▸ **What the task requires**:
Each record needs to be retyped exactly, though its pictures should not appear.

[Brief descriptive captions]
-----

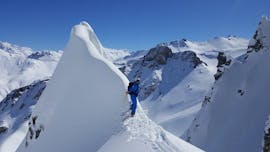 Ein Freerider steht auf dem Gipfel eines Berges während seines privaten Freeride-Kurses mit der Skischule 333 in Tignes.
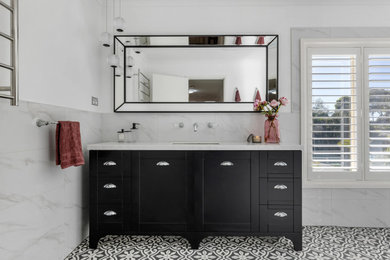 Inspiration for a large traditional 3/4 bathroom in Sydney with shaker cabinets, black cabinets, an open shower, a two-piece toilet, gray tile, white walls, an undermount sink, multi-coloured floor, an open shower, white benchtops, a niche, a single vanity and a freestanding vanity.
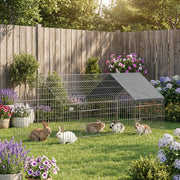 Rabbits inside the metal run in a garden with flower beds and a wooden fence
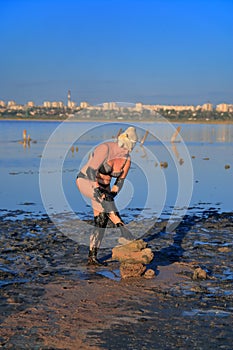 A woman in a bathing suit coats herself with healing mud from the estuary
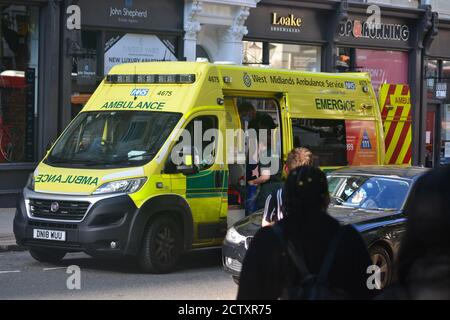 Service d'ambulance des West Midlands sur Colmore Row à Birmingham, traitant un homme détenu par la police pour violence Banque D'Images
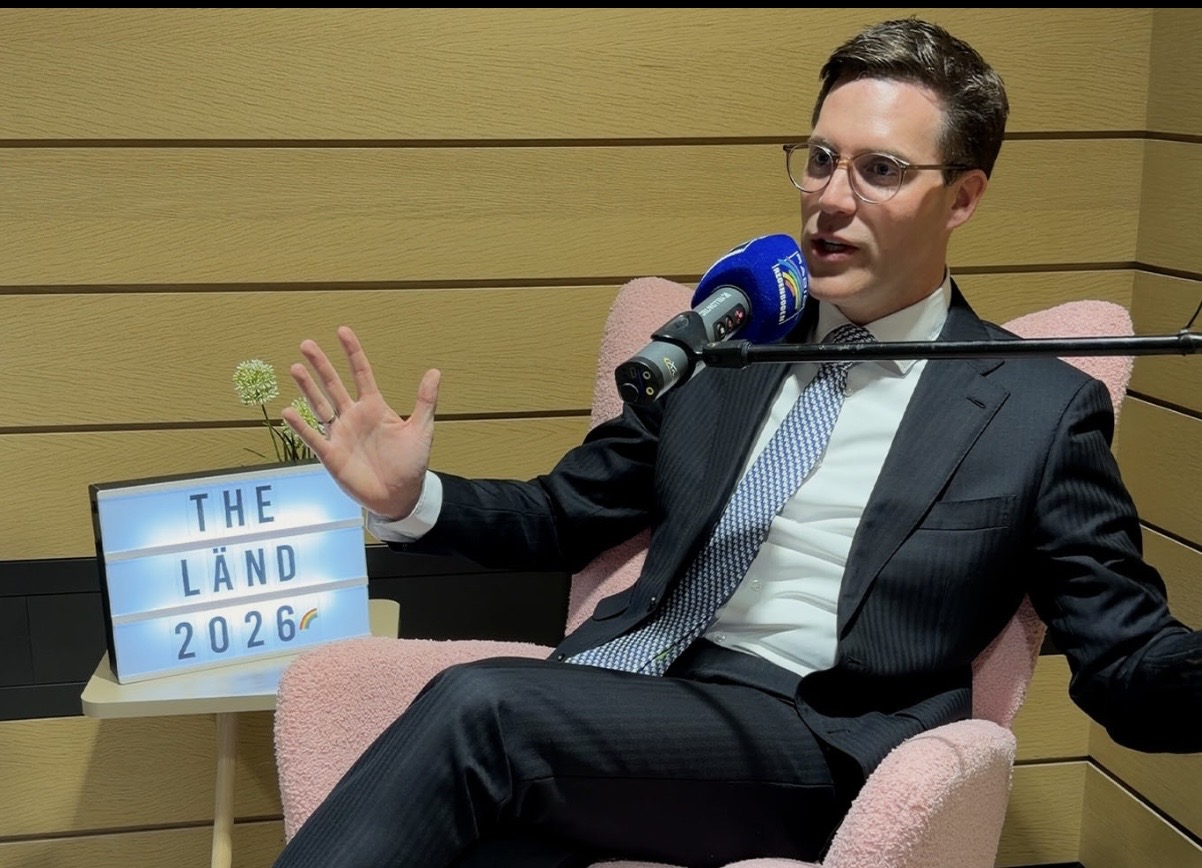 Mann im Anzug spricht in einem Podcast-Setting mit Mikrofon.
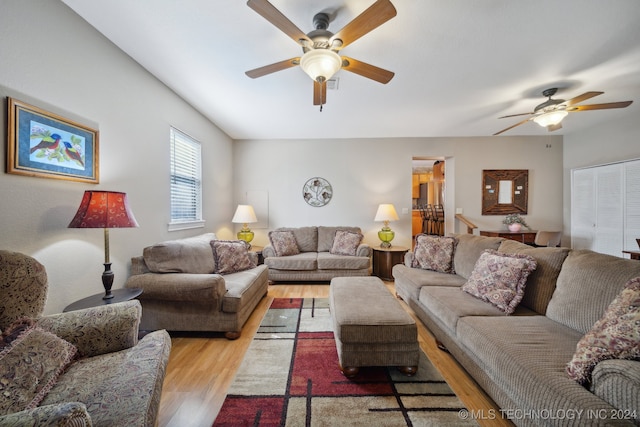 living room featuring ceiling fan and light wood-type flooring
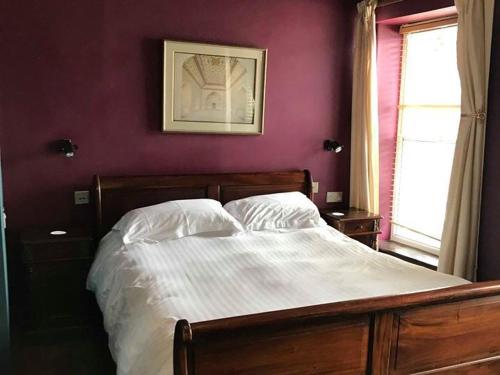 a bed in a bedroom with a purple wall at The Kilverts Inn in Hay-on-Wye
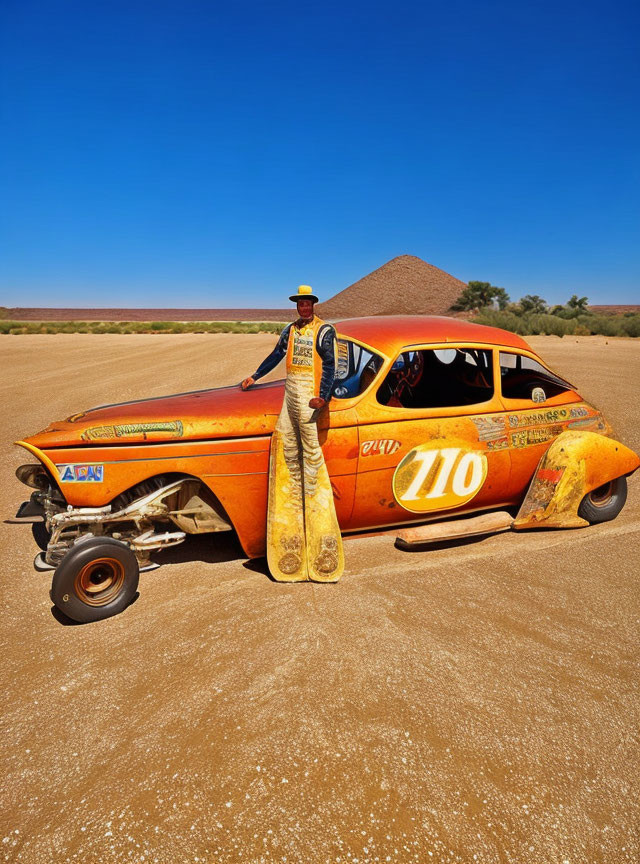 Vintage racing attire person leaning on rusty number 710 racer car in desert scenery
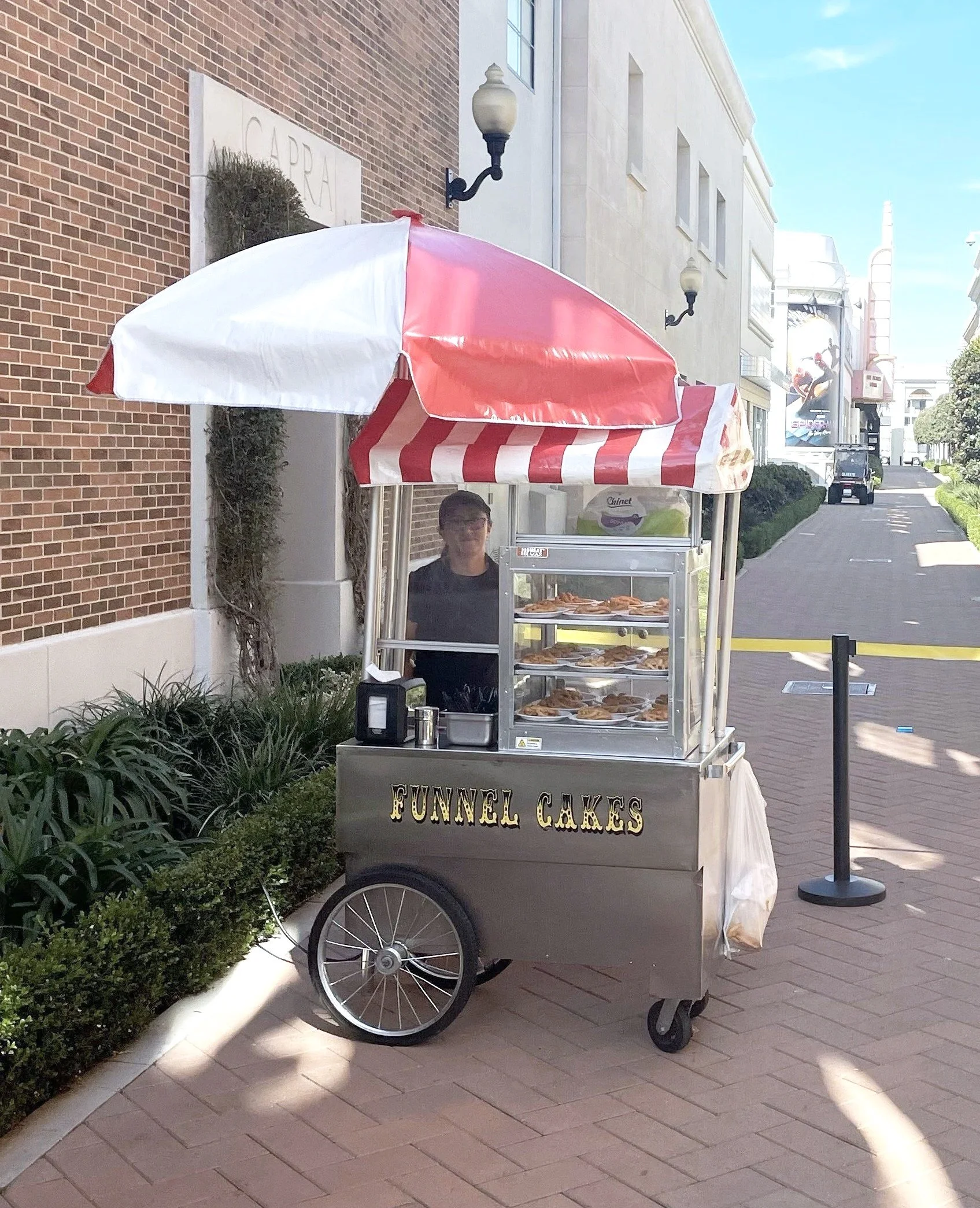 A street food cart selling funnel cakes with a striped red and white canopy, located on a sidewalk with brick and white building facades, next to greenery and a lamppost.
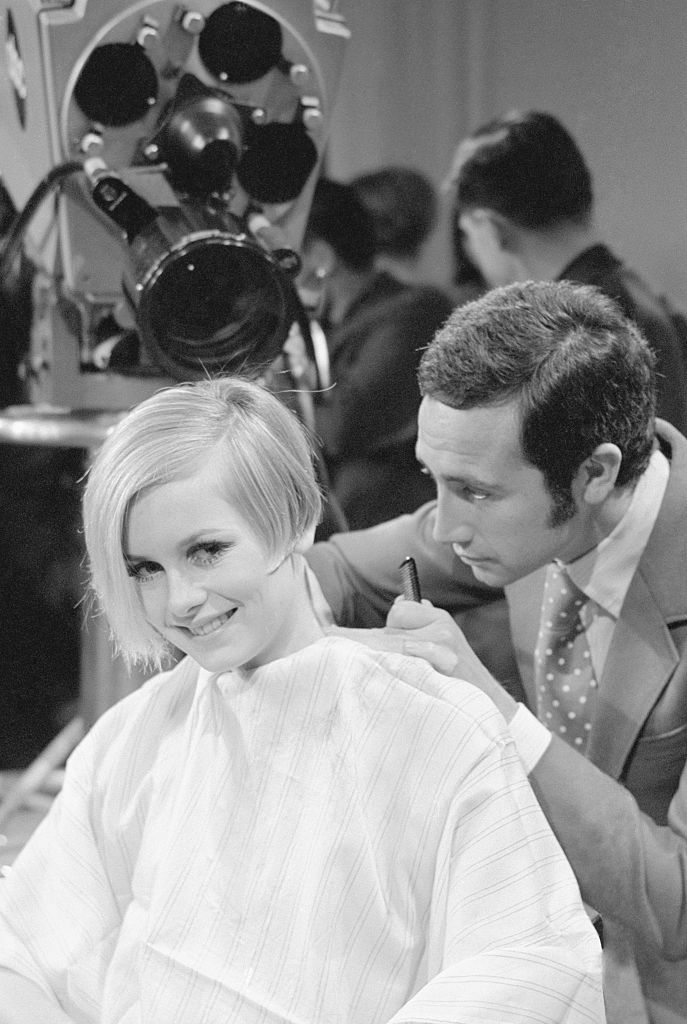 (Original Caption) One of the world's top models, Twiggy, animates as she gets her hair trimmed by one of her countrymen, Leonard of London. Britain's "mod-maid" was having her famous hairdo redone during a press conference on the ABC-TV stage in New York, which was held to announce the network's plans to do three specials on the model's visit to the United States.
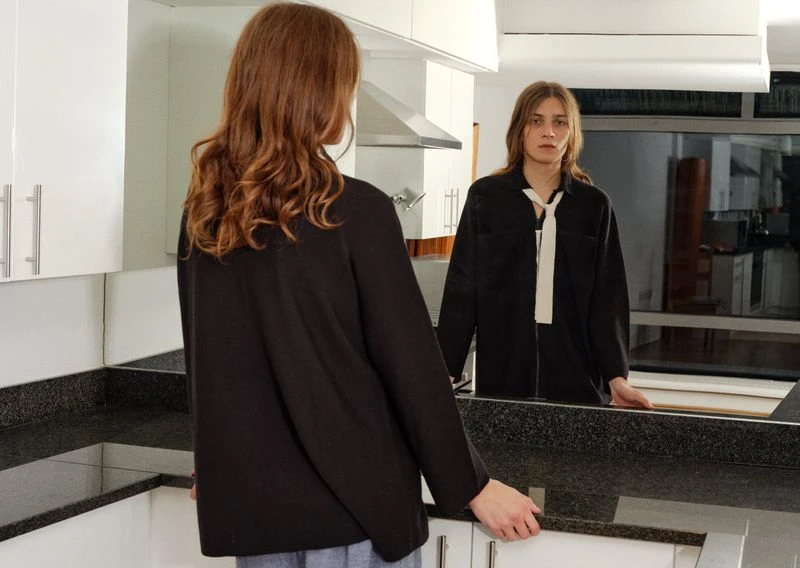 Reflection of a young adult in a black shirt with a white tie looking into a mirror, with a second blurred figure in the foreground.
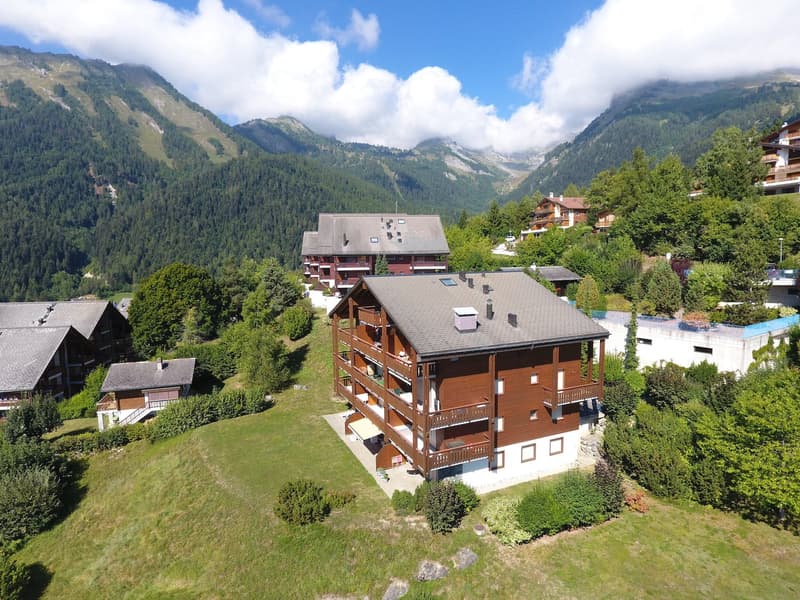 A building with balconies and terraces surrounded by trees and grass, mountains in the background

-----

▸ **Answer to this problem**:
 Ein Freerider steht auf dem Gipfel eines Berges während seines privaten Freeride-Kurses mit der Skischule 333 in Tignes.
 Inspiration for a large traditional 3/4 bathroom in Sydney with shaker cabinets, black cabinets, an open shower, a two-piece toilet, gray tile, white walls, an undermount sink, multi-coloured floor, an open shower, white benchtops, a niche, a single vanity and a freestanding vanity.
 Rabbits inside the metal run in a garden with flower beds and a wooden fence
 A woman in a bathing suit coats herself with healing mud from the estuary
 Service d'ambulance des West Midlands sur Colmore Row à Birmingham, traitant un homme détenu par la police pour violence Banque D'Images
 Mann im Anzug spricht in einem Podcast-Setting mit Mikrofon.
 living room featuring ceiling fan and light wood-type flooring
 a bed in a bedroom with a purple wall at The Kilverts Inn in Hay-on-Wye
 Vintage racing attire person leaning on rusty number 710 racer car in desert scenery
 A street food cart selling funnel cakes with a striped red and white canopy, located on a sidewalk with brick and white building facades, next to greenery and a lamppost.
 (Original Caption) One of the world's top models, Twiggy, animates as she gets her hair trimmed by one of her countrymen, Leonard of London. Britain's "mod-maid" was having her famous hairdo redone during a press conference on the ABC-TV stage in New York, which was held to announce the network's plans to do three specials on the model's visit to the United States.
 Reflection of a young adult in a black shirt with a white tie looking into a mirror, with a second blurred figure in the foreground.
 A building with balconies and terraces surrounded by trees and grass, mountains in the background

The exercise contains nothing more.